● PROBLEM TO SOLVE:
Drop the pictures and extract exactly the lines from the one that contains "Mitsubishi ASX 1.6 Intro Edition ClearTec" through the end of the material.

——

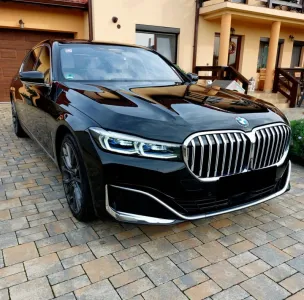 BMW 740 Ld xDrive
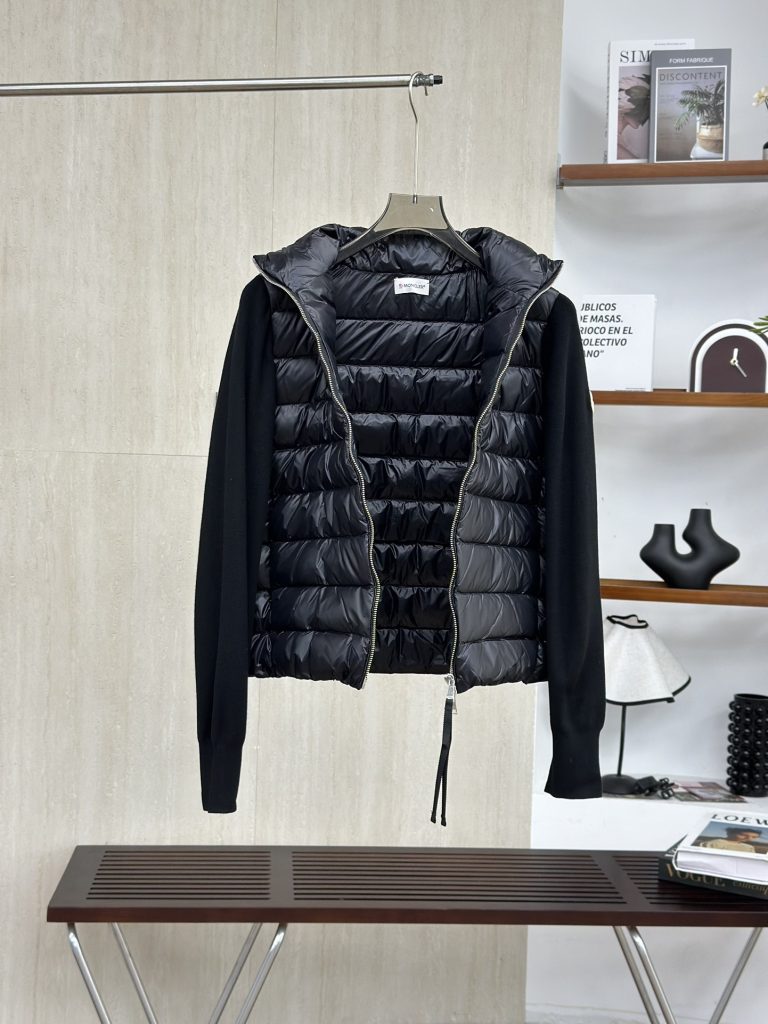 Moncler モンクレール【新作】モンクレール ダウンジャケット レディース✨ 秋冬必須アイテム🕊️ 高級素材使用🎀 保温性抜群🌟 - 画像 6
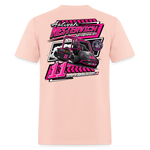 Aaliyah Nestervich | 2025 | Adult T-Shirt - blush pink 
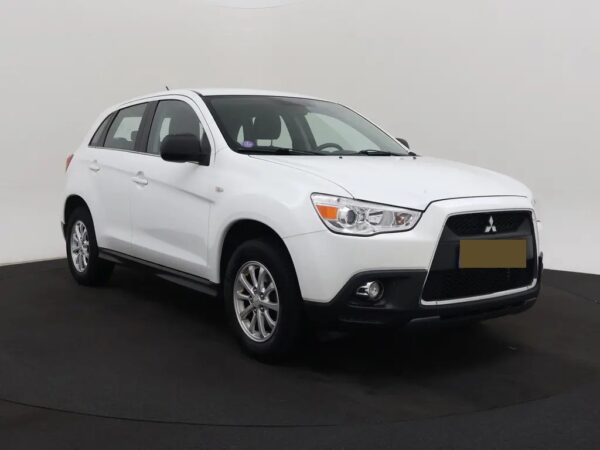 Mitsubishi ASX 1.6 Intro Edition ClearTec
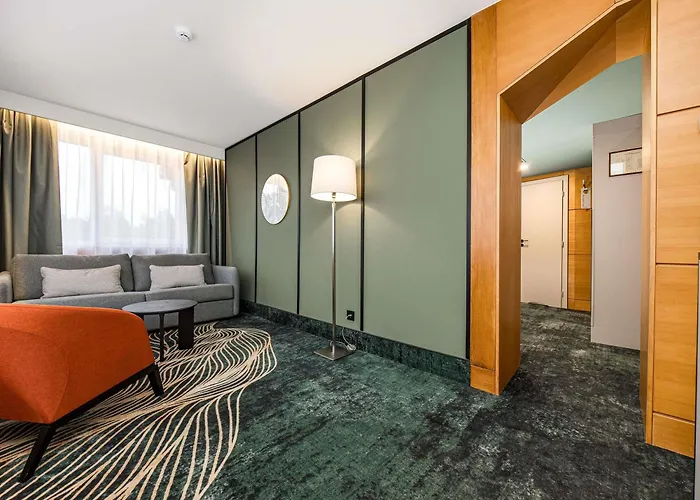 Mercure Palanga Vanagupe Resort & Spa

——

● EXERCISE SOLUTION:
 Mitsubishi ASX 1.6 Intro Edition ClearTec
 Mercure Palanga Vanagupe Resort & Spa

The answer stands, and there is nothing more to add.